Michelsen riesce poi a sfruttare la prima palla break concessa da Medvedev nel game successivo, portandosi sul 2-0. Il russo, però, reagisce immediatamente con il controbreak e ristabilisce la parità sul 2-2, portandosi a due break di vantaggio. Dopo che Michelsen spreca l’unica altra palla break concessagli sul 3-2, Medvedev prende il controllo del set e lo chiude senza ulteriori difficoltà per 6-4.
Nel secondo set, Medvedev si porta in vantaggio quasi subito, ma deve faticare per tenere il servizio sul 2-1, annullando tre palle break.
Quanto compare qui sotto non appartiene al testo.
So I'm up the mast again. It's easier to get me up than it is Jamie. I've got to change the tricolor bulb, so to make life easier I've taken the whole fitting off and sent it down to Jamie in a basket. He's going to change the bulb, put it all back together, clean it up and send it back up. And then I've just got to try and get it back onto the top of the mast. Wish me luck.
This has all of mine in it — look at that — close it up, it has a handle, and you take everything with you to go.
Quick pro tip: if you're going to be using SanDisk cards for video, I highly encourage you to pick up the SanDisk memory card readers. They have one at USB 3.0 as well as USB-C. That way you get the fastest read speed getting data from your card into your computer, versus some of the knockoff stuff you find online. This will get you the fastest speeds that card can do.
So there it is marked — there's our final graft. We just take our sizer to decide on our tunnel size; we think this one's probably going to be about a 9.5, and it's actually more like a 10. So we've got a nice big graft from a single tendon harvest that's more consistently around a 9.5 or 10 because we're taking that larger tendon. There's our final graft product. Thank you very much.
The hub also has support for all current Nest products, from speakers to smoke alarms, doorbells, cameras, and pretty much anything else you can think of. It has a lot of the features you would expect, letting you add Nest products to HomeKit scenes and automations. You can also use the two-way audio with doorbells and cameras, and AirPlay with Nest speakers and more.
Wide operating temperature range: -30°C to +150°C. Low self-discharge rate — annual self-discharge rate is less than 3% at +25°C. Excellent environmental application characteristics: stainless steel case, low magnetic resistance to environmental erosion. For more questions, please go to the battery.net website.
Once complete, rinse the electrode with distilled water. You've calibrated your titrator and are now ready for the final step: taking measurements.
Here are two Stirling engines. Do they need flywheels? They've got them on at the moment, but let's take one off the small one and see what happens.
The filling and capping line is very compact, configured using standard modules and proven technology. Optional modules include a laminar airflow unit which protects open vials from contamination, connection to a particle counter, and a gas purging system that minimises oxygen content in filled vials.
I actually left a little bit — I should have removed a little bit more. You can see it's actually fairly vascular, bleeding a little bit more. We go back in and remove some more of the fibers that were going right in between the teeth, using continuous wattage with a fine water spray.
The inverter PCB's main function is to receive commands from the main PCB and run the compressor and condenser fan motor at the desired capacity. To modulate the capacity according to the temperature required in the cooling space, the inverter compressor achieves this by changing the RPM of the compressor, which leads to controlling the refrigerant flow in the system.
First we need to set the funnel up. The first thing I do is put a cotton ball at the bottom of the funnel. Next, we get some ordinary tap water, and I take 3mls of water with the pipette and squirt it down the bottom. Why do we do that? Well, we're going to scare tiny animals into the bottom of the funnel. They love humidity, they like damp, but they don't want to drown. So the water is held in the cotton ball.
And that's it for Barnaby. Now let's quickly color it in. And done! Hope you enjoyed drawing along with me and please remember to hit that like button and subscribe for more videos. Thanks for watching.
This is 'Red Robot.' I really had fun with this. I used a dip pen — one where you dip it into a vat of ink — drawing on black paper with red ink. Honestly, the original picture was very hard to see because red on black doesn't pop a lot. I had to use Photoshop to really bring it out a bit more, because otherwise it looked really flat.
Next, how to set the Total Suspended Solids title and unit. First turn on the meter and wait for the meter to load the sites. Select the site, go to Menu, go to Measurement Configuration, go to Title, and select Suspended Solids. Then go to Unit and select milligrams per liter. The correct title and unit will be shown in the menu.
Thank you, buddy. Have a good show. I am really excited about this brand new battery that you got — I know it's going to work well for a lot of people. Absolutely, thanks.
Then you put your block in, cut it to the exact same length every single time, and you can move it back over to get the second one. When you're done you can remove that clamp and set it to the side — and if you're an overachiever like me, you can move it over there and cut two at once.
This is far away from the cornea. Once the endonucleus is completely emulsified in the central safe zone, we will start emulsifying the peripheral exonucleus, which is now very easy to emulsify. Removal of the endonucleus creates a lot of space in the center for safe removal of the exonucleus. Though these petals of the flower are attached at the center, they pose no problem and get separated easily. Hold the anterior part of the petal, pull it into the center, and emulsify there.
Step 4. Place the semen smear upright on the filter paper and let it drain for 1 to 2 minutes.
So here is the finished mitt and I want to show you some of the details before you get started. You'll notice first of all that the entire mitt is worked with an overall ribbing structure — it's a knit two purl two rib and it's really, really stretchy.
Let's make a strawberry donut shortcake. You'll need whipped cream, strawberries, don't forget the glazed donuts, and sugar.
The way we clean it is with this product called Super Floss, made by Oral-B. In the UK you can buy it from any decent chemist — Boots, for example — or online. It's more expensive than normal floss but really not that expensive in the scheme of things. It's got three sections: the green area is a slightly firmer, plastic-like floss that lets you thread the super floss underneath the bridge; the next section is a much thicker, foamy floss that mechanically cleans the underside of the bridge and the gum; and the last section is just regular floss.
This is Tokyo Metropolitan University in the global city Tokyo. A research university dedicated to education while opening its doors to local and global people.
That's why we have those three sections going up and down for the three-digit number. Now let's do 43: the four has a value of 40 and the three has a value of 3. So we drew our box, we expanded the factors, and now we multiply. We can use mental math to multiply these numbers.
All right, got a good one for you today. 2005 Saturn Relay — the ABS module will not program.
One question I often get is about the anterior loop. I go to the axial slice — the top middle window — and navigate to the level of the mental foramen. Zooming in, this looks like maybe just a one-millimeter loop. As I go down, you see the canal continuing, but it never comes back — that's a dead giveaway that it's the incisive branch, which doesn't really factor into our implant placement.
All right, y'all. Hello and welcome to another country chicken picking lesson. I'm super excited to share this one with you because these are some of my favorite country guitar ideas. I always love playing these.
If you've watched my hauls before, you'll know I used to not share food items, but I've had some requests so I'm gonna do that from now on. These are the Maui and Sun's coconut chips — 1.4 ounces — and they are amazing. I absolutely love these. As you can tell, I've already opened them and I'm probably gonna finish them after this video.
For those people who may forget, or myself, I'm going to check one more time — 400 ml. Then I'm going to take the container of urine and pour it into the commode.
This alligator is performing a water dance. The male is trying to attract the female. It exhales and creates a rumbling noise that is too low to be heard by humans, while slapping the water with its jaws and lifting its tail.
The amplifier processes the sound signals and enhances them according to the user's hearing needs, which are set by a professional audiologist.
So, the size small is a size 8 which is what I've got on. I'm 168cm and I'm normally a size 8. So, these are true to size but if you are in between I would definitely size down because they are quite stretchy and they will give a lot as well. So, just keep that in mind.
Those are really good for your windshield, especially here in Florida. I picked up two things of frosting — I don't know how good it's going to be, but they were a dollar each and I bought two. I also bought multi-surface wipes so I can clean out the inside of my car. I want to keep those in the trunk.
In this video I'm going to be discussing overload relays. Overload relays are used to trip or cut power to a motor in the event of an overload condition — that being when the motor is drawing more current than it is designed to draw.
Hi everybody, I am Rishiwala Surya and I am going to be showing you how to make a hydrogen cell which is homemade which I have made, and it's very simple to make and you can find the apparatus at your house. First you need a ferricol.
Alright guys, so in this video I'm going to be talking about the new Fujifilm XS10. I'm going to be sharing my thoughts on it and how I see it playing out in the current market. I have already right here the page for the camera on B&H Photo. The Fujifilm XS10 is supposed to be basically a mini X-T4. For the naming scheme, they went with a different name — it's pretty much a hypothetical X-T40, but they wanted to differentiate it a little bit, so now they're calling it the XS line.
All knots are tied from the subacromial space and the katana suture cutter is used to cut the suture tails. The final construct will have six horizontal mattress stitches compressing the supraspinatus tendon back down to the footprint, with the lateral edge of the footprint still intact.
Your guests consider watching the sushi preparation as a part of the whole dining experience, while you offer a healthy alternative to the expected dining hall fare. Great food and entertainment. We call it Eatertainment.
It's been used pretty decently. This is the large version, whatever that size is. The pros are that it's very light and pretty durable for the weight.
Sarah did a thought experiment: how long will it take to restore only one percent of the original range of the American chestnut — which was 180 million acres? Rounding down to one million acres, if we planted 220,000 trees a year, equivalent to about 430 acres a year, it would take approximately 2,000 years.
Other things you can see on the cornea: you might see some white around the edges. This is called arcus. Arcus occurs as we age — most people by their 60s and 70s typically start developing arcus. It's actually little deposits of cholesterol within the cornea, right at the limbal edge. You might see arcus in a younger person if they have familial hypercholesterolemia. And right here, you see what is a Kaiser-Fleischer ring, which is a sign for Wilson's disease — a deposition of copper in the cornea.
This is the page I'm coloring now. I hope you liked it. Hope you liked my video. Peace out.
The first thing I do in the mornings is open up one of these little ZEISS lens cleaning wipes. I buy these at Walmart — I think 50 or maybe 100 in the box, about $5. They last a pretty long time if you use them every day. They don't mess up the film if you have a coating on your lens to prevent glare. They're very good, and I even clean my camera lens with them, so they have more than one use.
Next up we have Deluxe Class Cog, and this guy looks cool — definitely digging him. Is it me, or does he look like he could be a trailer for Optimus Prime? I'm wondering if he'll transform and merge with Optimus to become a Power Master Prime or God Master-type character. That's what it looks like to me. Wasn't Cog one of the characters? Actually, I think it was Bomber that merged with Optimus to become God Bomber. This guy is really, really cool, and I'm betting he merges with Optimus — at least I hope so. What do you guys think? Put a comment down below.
Nonostante Michelsen riesca a tenere la battuta nel turno successivo, non è più in grado di tenere il ritmo dell’avversario e Medvedev chiude l’incontro con il punteggio di 6-4 6-2, dopo un’ora e quarantaquattro minuti di gioco. Prosegue così la risalita del campione Slam, che recupera una posizione nel ranking salendo al n. 12.
A Nakashima il derby USA
Più equilibrata la semifinale tra Brandon Nakashima e Aleksandar Kovacevic, caratterizzata da game rapidi in cui la differenza l’ha fatta il servizio, in particolare la seconda palla. Proprio Nakashima, che ha concesso (e annullato) le uniche due palle break di tutto il primo set, ha finito per infliggere all’avversario due minibreak consecutivi nel tie-break, chiudendo il primo parziale 7-6(4).
Nel secondo set Nakashima sfrutta la prima palla break sull’1-1, ma manca l’occasione di doppio break nel game successivo, sul 30-40. Kovacevic riesce a tenere il servizio e ad accorciare sul 3-2, dopo un game durato tredici punti. Nakashima spreca un’altra palla break sul 40-30 del 4-2, ma chiude l’incontro al primo match point utile, imponendosi per 7-6(4) 6-4 dopo un’ora e quarantacinque minuti di gioco.
Quarta finale in carriera per il classe 2001, che in caso di vittoria nella finale di domenica contro Medvedev entrerebbe per la prima volta tra i primi 25 giocatori del mondo. Finora i precedenti hanno premiato il russo, vittorioso contro lo statunitense a Indian Wells nel 2023 e a Madrid nel 2025.